▸ Aim of the task
Would you copy all lines in the data that contain the word "Loft"?
========================================================================
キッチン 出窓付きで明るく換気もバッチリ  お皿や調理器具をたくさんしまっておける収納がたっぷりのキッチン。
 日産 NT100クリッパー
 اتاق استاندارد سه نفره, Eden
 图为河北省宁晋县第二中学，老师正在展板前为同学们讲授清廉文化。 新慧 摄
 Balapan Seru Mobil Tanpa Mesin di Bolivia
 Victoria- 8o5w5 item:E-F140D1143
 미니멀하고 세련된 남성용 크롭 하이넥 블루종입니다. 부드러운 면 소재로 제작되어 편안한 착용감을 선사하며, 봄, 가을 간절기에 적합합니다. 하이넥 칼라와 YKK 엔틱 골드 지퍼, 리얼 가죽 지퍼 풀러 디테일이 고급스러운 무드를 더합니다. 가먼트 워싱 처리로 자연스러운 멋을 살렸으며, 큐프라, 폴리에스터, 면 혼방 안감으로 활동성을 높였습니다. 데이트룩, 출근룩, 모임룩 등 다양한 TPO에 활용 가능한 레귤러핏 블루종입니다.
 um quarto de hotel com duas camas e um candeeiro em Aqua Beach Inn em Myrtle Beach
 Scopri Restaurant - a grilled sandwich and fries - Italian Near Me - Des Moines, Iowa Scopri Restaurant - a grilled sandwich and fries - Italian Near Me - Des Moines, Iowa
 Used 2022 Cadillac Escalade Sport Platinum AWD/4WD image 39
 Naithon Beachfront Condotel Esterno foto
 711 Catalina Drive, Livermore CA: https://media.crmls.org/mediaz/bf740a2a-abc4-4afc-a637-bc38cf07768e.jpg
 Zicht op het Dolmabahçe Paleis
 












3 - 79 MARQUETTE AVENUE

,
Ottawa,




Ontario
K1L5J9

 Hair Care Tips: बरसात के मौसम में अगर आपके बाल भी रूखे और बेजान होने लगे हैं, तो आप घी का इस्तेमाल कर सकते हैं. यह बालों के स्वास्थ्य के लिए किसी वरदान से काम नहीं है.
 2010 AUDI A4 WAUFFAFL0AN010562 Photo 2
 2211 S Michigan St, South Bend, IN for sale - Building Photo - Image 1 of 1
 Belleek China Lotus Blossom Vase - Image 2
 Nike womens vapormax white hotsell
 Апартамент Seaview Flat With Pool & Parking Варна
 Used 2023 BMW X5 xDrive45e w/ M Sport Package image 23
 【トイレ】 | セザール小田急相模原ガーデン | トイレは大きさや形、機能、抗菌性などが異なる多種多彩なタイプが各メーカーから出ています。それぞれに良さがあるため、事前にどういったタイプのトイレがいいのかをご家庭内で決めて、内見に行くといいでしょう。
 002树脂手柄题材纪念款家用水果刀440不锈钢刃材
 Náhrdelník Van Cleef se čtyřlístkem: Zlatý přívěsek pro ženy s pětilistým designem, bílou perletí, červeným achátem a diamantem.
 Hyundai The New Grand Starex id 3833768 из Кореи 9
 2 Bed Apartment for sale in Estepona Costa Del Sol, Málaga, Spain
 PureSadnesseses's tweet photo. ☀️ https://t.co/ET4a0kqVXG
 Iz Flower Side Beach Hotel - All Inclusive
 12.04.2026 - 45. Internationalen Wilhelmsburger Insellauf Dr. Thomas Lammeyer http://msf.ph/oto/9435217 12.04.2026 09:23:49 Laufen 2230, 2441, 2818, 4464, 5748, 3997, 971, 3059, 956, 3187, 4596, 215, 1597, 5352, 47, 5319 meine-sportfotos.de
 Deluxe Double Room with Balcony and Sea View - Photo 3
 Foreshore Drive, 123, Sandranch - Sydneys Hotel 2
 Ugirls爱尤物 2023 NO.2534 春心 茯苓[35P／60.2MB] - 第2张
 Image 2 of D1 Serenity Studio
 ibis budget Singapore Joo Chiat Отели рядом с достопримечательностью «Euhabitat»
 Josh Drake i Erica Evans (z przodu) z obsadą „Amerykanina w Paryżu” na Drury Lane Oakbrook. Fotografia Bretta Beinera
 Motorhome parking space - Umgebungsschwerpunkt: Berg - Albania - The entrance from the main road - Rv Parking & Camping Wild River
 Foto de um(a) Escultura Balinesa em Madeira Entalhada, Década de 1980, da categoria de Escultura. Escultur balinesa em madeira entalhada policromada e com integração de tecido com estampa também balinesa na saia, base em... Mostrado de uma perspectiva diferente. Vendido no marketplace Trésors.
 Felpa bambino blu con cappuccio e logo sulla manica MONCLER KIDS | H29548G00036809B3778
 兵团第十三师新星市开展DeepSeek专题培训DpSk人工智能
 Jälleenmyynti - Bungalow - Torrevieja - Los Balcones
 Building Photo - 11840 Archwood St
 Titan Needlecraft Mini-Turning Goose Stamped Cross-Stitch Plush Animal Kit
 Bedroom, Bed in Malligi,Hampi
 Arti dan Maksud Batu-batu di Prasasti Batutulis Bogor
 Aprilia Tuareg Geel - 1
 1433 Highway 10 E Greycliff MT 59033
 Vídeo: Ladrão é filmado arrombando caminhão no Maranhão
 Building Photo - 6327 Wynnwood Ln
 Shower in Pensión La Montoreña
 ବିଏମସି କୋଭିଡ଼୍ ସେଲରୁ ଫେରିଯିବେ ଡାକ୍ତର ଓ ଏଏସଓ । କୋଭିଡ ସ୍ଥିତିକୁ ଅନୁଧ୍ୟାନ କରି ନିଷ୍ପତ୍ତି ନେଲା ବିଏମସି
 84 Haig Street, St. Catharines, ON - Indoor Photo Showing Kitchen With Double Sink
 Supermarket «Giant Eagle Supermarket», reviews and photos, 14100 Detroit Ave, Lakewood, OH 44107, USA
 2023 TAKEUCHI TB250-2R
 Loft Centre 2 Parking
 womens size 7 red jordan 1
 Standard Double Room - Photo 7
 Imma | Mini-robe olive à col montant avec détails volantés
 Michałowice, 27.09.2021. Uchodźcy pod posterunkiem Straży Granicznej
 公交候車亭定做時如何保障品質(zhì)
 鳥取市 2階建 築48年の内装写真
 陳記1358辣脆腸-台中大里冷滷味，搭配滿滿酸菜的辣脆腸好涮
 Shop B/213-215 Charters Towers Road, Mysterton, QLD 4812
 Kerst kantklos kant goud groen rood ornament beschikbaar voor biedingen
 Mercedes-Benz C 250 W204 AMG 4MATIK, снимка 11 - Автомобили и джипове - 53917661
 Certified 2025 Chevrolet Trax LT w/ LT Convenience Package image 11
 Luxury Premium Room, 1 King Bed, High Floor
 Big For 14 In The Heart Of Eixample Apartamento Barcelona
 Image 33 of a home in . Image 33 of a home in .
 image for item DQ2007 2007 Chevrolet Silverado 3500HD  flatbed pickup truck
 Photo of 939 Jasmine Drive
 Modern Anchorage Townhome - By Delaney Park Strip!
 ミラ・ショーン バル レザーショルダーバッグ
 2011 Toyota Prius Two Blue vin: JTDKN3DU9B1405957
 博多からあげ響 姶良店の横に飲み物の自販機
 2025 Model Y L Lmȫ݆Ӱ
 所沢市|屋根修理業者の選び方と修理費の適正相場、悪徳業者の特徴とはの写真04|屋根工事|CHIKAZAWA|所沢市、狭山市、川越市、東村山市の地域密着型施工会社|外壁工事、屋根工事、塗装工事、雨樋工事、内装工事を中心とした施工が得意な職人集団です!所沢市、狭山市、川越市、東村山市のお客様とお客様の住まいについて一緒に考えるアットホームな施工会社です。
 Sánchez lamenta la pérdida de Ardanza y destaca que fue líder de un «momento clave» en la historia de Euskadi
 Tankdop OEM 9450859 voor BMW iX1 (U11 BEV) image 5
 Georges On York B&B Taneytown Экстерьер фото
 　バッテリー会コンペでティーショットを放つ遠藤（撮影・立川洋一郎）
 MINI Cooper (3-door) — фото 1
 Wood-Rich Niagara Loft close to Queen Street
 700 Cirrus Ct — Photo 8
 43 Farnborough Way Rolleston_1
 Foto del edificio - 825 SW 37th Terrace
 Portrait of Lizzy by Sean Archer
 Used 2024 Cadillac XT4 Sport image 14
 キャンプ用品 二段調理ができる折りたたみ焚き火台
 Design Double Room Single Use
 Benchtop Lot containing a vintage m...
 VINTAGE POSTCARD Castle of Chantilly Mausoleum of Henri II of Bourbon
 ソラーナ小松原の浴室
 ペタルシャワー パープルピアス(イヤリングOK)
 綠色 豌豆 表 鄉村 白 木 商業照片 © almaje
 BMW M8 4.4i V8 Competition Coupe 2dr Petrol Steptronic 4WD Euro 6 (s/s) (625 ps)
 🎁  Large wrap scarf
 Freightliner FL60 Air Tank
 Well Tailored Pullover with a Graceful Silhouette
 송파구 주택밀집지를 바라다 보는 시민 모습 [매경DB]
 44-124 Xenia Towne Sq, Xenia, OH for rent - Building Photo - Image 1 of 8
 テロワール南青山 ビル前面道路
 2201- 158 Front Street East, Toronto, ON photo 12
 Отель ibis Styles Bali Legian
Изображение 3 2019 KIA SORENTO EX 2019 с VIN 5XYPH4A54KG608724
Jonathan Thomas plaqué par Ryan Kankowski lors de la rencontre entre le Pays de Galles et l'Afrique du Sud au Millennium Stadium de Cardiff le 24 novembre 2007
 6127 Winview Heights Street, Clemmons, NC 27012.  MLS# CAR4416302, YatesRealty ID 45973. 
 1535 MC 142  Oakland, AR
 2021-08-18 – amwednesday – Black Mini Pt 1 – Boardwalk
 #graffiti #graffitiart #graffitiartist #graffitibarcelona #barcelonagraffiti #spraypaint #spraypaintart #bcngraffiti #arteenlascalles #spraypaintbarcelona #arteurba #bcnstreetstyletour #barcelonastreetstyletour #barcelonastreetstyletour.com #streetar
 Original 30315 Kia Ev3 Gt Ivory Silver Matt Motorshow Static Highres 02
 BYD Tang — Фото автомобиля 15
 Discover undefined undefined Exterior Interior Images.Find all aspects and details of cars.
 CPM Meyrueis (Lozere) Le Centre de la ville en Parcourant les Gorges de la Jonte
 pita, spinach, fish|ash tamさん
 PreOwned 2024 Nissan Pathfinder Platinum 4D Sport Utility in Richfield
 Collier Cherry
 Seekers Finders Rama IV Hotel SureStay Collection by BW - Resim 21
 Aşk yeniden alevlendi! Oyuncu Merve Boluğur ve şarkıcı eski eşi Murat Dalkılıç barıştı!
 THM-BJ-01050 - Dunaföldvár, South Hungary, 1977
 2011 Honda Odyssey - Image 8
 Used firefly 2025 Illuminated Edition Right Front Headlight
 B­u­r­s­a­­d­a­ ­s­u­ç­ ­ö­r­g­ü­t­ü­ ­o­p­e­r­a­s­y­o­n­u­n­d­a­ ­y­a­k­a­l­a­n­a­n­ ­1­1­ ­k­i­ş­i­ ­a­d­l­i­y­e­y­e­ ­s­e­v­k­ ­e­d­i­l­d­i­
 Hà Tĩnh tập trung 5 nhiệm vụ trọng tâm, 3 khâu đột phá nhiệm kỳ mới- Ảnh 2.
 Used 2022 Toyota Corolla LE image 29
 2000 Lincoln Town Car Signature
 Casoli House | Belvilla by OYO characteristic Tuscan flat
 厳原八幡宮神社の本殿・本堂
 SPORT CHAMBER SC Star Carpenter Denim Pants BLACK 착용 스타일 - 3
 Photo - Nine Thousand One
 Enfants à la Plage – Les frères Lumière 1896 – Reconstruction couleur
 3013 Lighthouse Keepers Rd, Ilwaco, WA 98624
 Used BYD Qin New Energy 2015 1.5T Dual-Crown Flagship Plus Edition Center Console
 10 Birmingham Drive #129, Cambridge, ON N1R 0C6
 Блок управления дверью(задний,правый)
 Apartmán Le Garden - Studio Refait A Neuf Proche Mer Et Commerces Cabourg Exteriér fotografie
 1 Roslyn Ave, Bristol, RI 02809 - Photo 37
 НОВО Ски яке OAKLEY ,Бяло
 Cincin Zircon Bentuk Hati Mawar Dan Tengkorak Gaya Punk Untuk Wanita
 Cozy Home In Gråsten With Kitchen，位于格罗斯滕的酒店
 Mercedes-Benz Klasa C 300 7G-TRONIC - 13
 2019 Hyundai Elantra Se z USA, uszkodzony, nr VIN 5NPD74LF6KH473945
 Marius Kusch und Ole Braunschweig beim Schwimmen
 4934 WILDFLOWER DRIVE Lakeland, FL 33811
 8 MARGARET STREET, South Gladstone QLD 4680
========================================================================
▸ Finished task
 Loft Centre 2 Parking
 Wood-Rich Niagara Loft close to Queen Street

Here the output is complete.